The first round of subpoenas sent on Tuesday blanketed a wide variety of advisers and would-be lenders to Musk, including crypto exchange Binance, Bandera Partners, Benefit Street, Factorial Funds and several others. Later in the day, Twitter’s attorneys filed even more subpoena requests, targeting other well-known names like Citadel founder Ken Griffin and executives at Tesla and SpaceX.
The subpoenas reportedly demanded that the named parties deliver communications and documents that refute or support Musk’s claim that Twitter underreported the number of “spam” or fake accounts on its platform.
Background On The Deal
In April, the Tesla chief agreed to buy the social network for $54.20 per share in a deal worth $44 billion. Musk said he wanted to take it private and loosen its content regulations while eliminating fake accounts.
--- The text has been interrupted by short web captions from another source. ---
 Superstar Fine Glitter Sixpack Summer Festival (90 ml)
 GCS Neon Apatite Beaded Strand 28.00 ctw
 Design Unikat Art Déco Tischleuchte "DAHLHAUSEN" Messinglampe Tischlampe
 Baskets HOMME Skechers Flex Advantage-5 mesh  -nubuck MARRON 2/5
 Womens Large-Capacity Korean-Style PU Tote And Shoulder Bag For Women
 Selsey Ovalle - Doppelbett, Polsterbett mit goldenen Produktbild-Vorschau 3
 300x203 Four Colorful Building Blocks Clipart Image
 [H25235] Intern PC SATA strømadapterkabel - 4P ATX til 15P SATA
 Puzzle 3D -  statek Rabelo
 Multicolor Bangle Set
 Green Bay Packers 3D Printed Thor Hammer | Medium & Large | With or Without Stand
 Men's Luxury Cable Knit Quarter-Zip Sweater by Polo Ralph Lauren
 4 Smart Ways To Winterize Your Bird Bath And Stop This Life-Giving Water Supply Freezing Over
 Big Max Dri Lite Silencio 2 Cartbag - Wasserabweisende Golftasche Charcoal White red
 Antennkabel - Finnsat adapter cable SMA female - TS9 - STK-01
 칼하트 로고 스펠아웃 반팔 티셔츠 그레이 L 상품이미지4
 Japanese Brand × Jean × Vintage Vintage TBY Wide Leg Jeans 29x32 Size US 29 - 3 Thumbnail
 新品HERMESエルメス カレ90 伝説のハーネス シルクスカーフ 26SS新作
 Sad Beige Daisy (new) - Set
However, he tried to back out of the deal in July, and Twitter sued him in an attempt to force the transaction through. Musk claims Twitter didn’t provide him enough details about the number of fake accounts on its platform, but the social network accuses him of trying to get out of the deal because market conditions have changed.
Either side would be required to pay a breakup fee of $1 billion if the other is found to be responsible for the failure of the agreement.